- Tina Location in Sudan
- Coordinates: 15°0′49″N 22°48′55″E﻿ / ﻿15.01361°N 22.81528°E
- Country: Sudan
- State: North Darfur
- Control: Darfur Joint Protection Force
- Elevation: 2,952 ft (900 m)

Population (2015)
- • Total: 81,395
- Time zone: UTC+02:00 (CAT)

= Tina, Sudan =

Tina or Al-Tina (التينة) is a town in North Darfur, Sudan. The city is a twin town with Tinè, located across the border in Chad. The town was overrun with refugees in the War in Darfur and has seen heavy fighting in the recent Sudanese civil war.

==History==
===Darfur war===
Tina has been a central border crossing point between Chad and Sudan. The city is divided between Tina in Sudan and Tinè in Chad. One of the first battles of Darfur war was conducted in Tina when members of the Sudanese Liberation Army (SLA) attacked government soldiers in the town capturing stocks of equipment.

During the Darfur war, Tine saw heavy fighting between the Janjaweed and the Justice and Equality Movement (JEM). Tina was an important refugee hub for people escaping the fighting, as it was the only open border crossing between Chad and Sudan. Most of the Darfur war Tina was controlled by JEM which supporter base the Kobe Zaghawa inhabited the town.

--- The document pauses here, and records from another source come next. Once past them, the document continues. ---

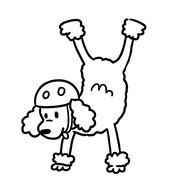 029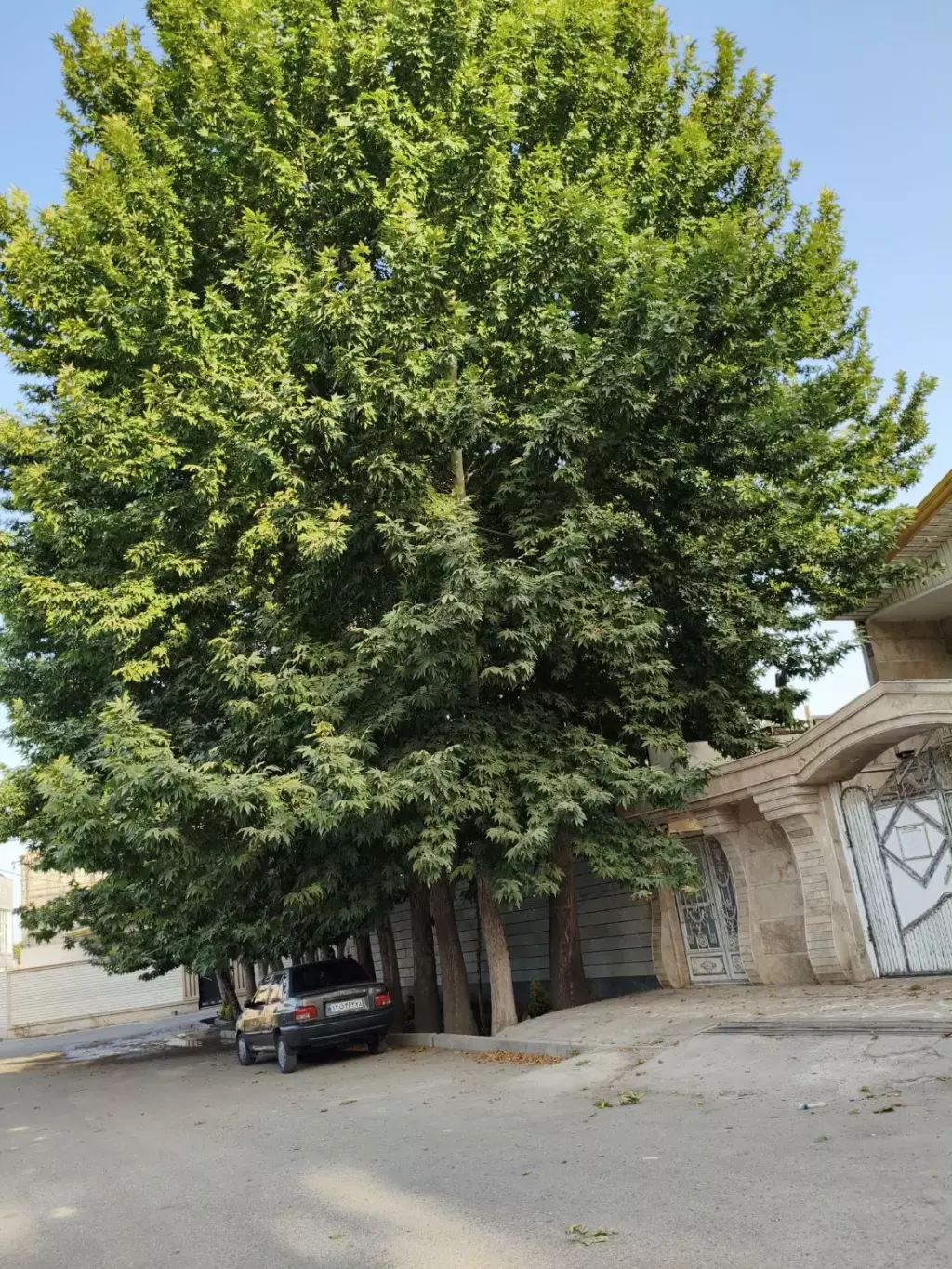 فروش خانه و ویلا 400 متری در گاندی - تصویر 3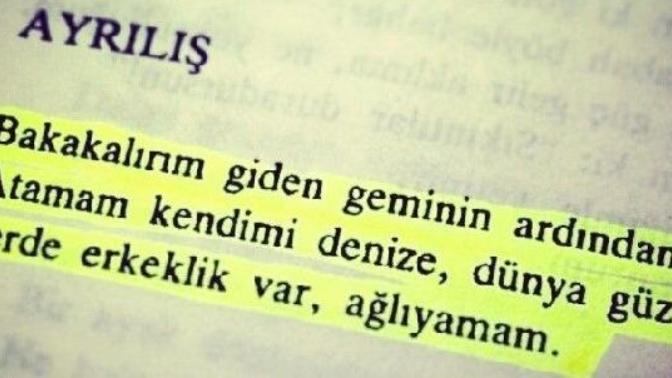 "Serde erkeklik var" dizelerindeki ser ne anlama geliyor?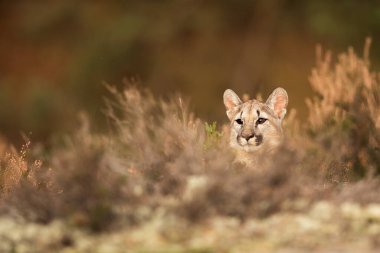 American cougar is hurry up to prey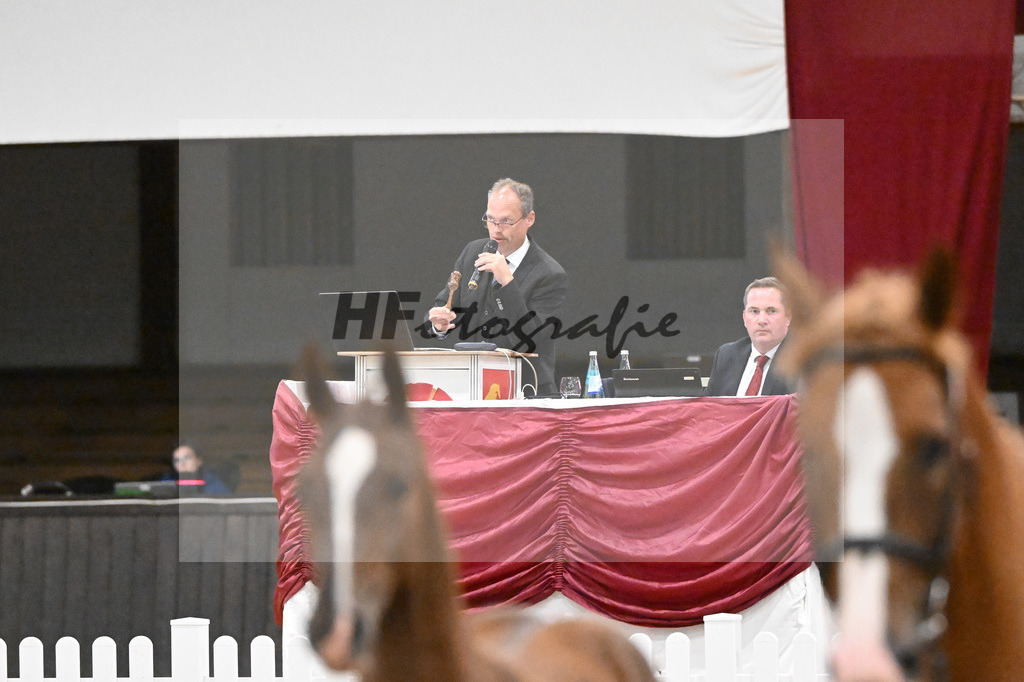 Fohlenauktion Next Chance_49220516 | hf-fotografie - Realisiert mit Pictrs.com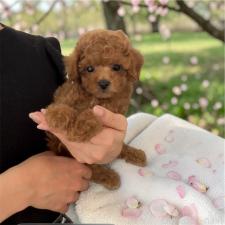 ♀︎タイニープードル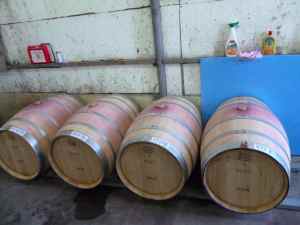 Lewis Pasco's barrels in Beit El Winery-small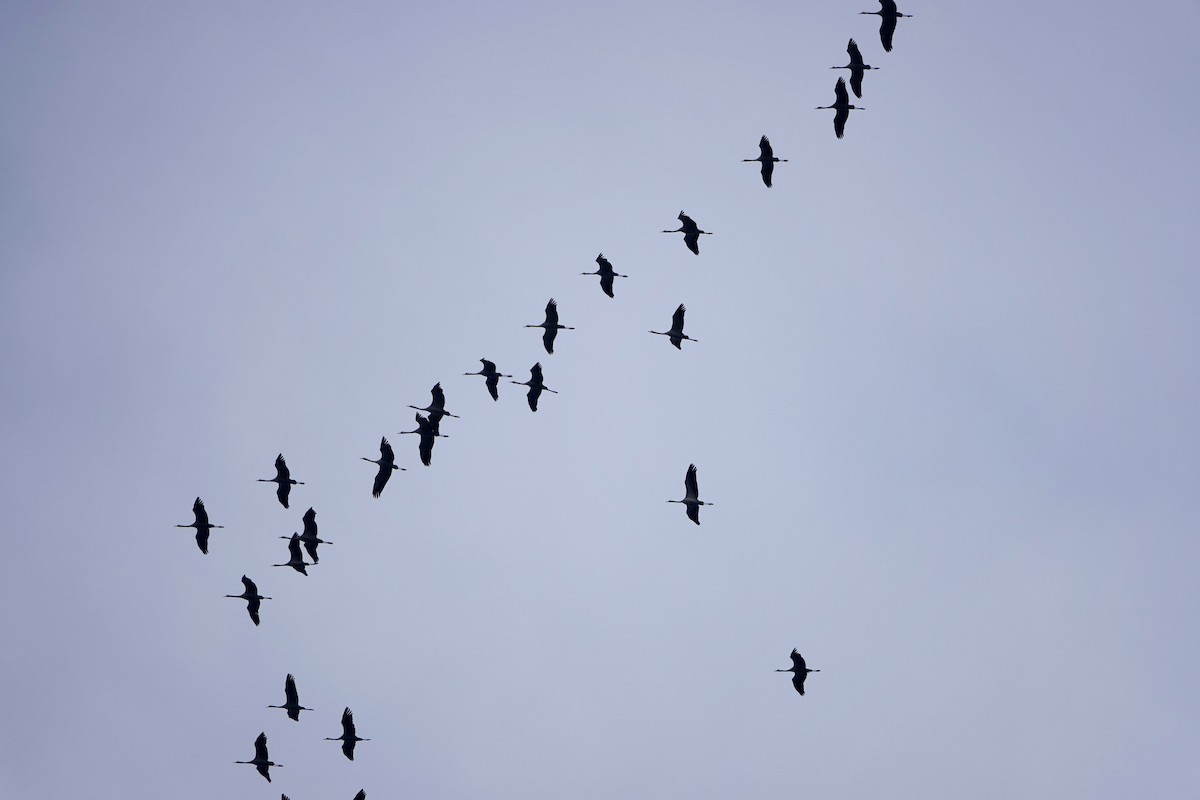 Common Crane - ML644782775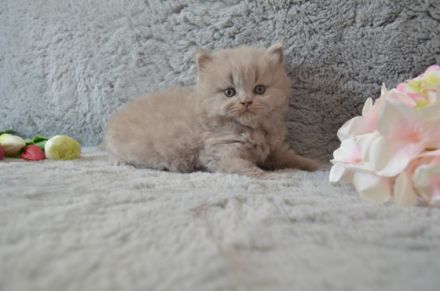 Unsere Katze Luna hat am 06.07.2022 4 gesunde Kitten in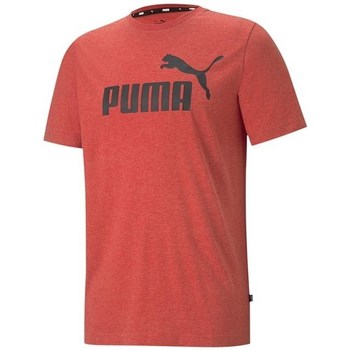 Vêtements Homme T-shirts manches courtes Puma Essentials Orange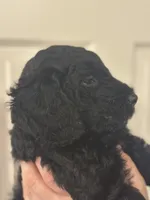 Benny Jr., a male Goldendoodle for sale in Modesto, CA – 4 of 6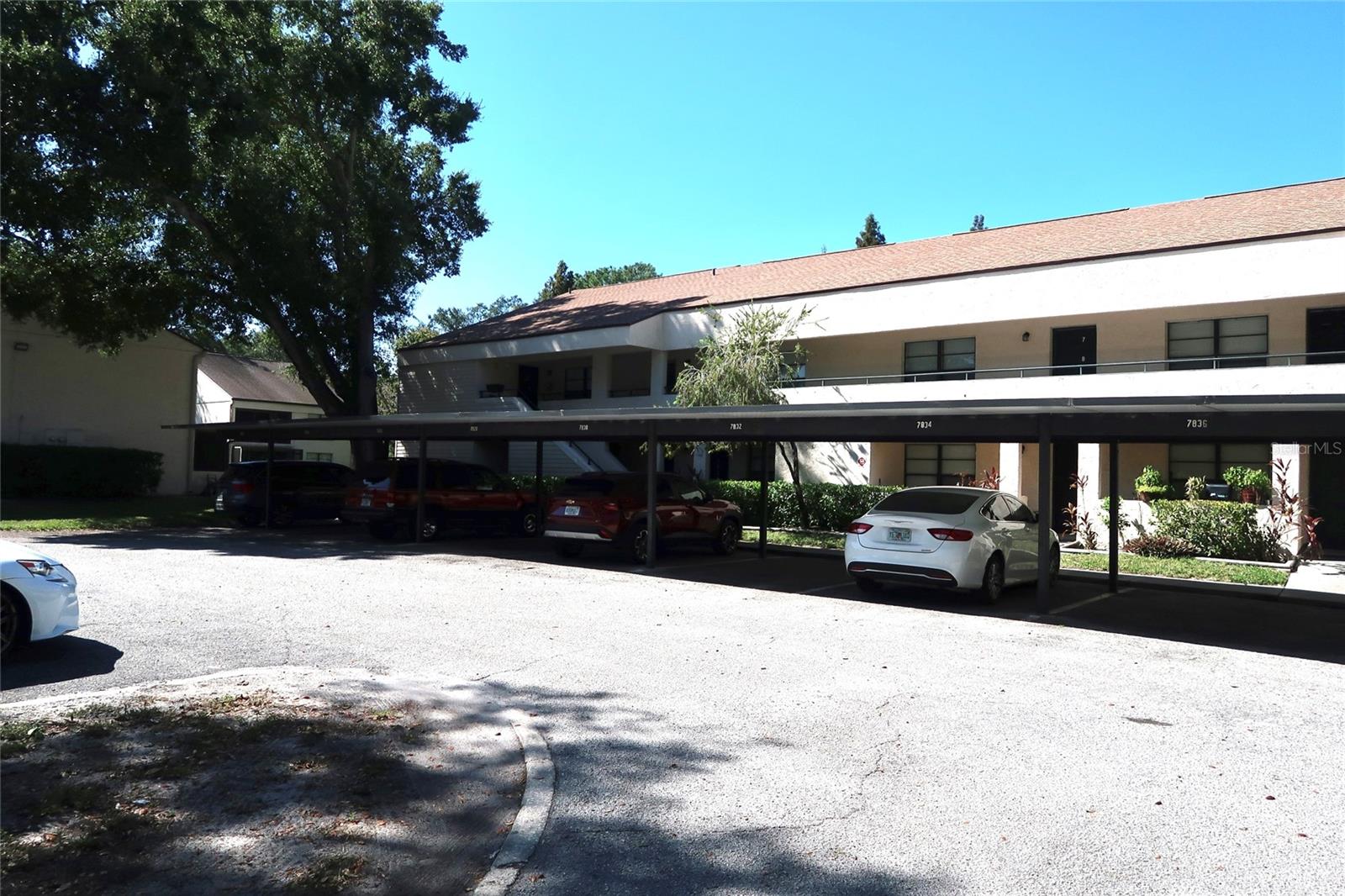 7840 NIAGARA AVENUE, #325, Tampa, FL 33617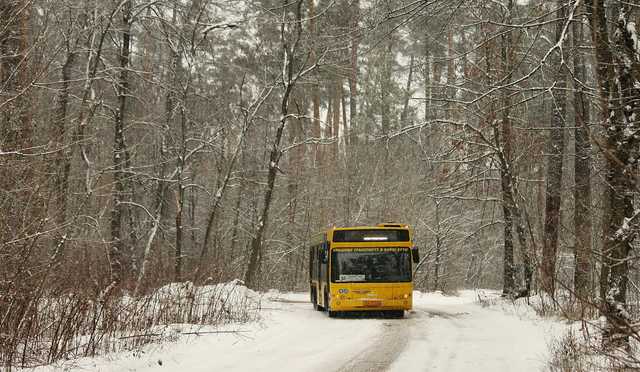 У соцмережах показали фото кишенькових злодіїв, які орудують в київських автобусах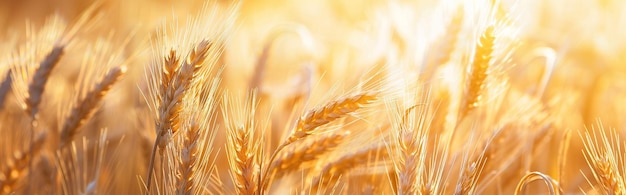 Ears of bread backgroundAgriculture Golden fieldgenerative ai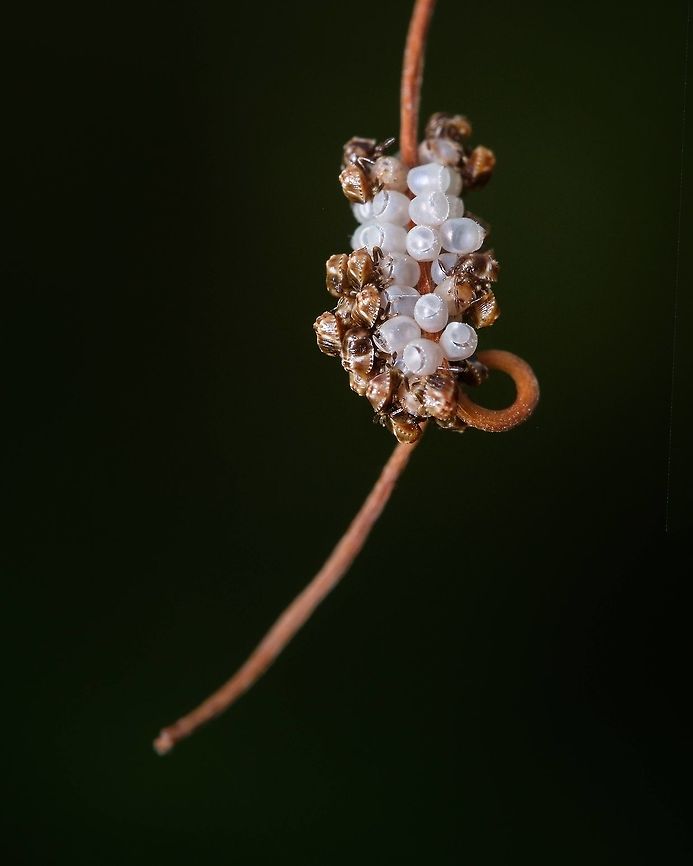 Stink Bug eggs hatching It&#039;s amazing the places they choose to lay the eggs!  Acrosternum heegeri,Europe,Geotagged,Portugal,Summer,insect eggs,stink bug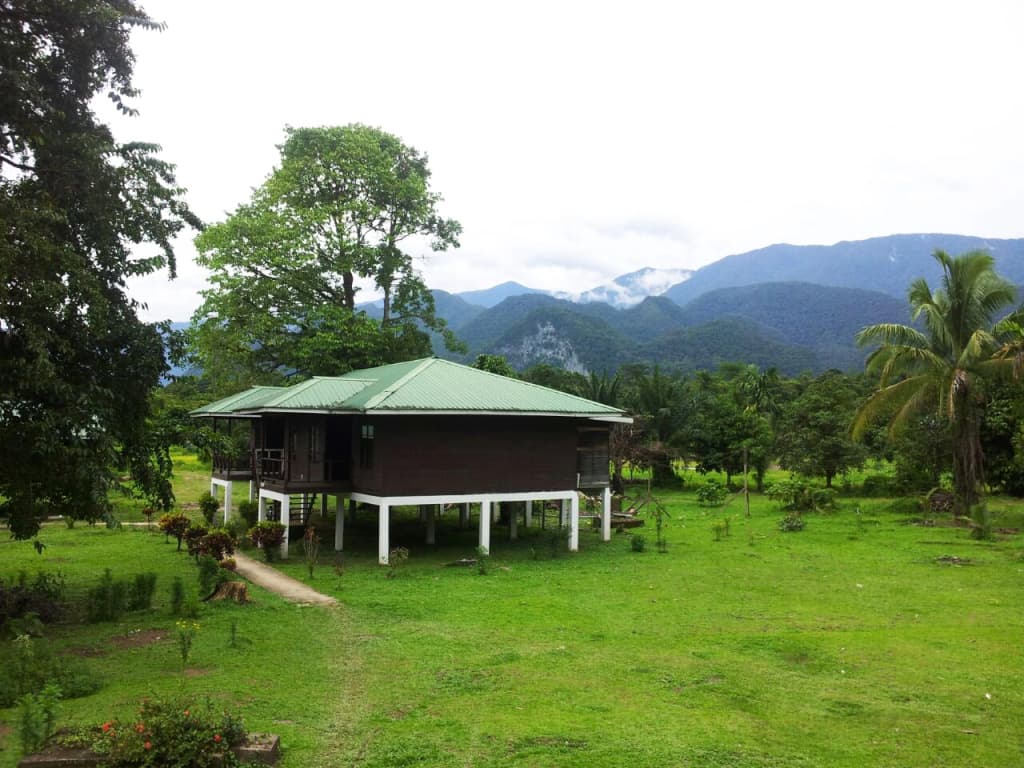 Benarat Lodge - photo 6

In October 2005 41 AMIS peacekeepers were abducted in the border town by The JEM

===Sudanese civil war===
Most of the Sudanese civil war the town was controlled by Darfur Joint Protection Force. In October 2025, hundreds of refugees fled the town of Kornoi for Tina. On 22 February 2026, Tina saw heavy clashes between the Rapid Support Forces (RSF) and the Sudanese Armed Forces (SAF). RSF captured the town, but lost the control of the town on the same day. On 19 March drone attack launched by the RSF hit Tine across the border in Chad. The strike killed 17 civilians and prompted Chad to shutdown all borders with Sudan.